Castilla y León se posicionó en 2023 como la segunda comunidad autónoma con menos denuncias de tráfico en relación a la extensión de su red de carreteras, según un estudio realizado por Automovilistas Europeos Asociados (AEA). Con una media de 15,6 multas por kilómetro, la región solo es superada por Aragón, que registró 14,5 denuncias por kilómetro.
En términos absolutos, Castilla y León contabilizó 523.837 multas a lo largo del año pasado. Sin embargo, al analizar las denuncias en función del parque de vehículos, la comunidad se sitúa en el segundo puesto con una media de 0,27 denuncias por vehículo, solo por detrás de Castilla-La Mancha, que lidera este ranking con 0,28 sanciones por vehículo.
A nivel nacional, Andalucía encabeza la lista de denuncias formuladas con un total de 1.402.101, seguida por la Comunidad de Madrid, que lidera el ranking en función de la extensión de su red de carreteras, con 187 denuncias por kilómetro. En contraste, Aragón es la comunidad con menos denuncias por kilómetro, con solo 14.
El estudio de AEA también revela que el radar ubicado en el kilómetro 194,2 de la A-1, en Burgos, fue el que más denuncias por exceso de velocidad tramitó en Castilla y León durante el 2023, con un total de 21.048. Además, otro radar situado en la provincia de León, en el kilómetro 347 de la A-6, también se encuentra entre los 50 radares más "multones" de España, con 12.211 multas.
En cuanto a la evolución de las denuncias, el informe de AEA señala que estas disminuyeron en casi todas las comunidades autónomas en comparación con 2022, a excepción de Castilla-La Mancha, Madrid, Navarra y Ceuta, donde se registraron aumentos. En Castilla y León, la caída fue del 10,19%, alcanzando un total de 583.287 denuncias.

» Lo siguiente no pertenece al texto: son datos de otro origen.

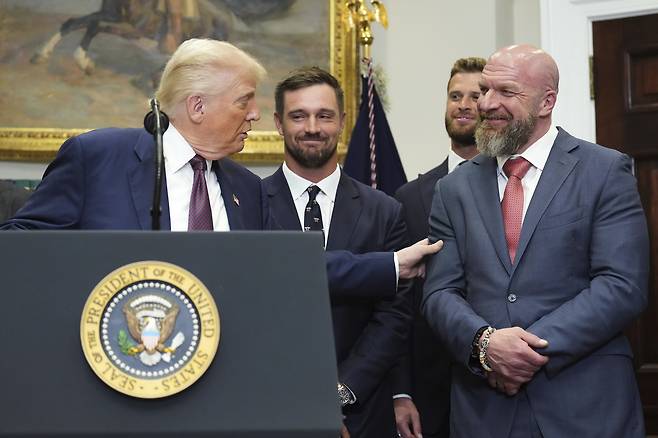 도널드 트럼프 미 대통령이 지난달 31일(현지시간) 백악관에서 진행한 ‘스포츠·건강·영양에 관한 대통령 자문위원회’를 재설립하는 내용의 행정명령 서명식에서 트리플H(56·본명 폴 마이클 레브스크)를 소개하며 그의 팔을 잠시 만지고 있다. [AP]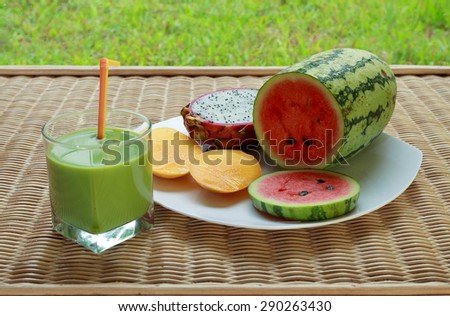Blended green smoothie and sliced watermelon, mango and dragon fruit on white plate on rattan table, horizontal view 2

Del total de multas en Castilla y León, más del 69% fueron por exceso de velocidad.
Los radares fijos tramitaron el 43,75% de las sanciones, mientras que los radares móviles impusieron el 25,29%.
Además de las multas por velocidad, se observó un aumento en otras infracciones como conducir bajo los efectos de las drogas, que se duplicaron, y las multas por saltarse semáforos en rojo, que casi se quintuplicaron. También se incrementaron las denuncias por uso del móvil al volante, conducción sin seguro, no usar el cinturón de seguridad y conducción negligente.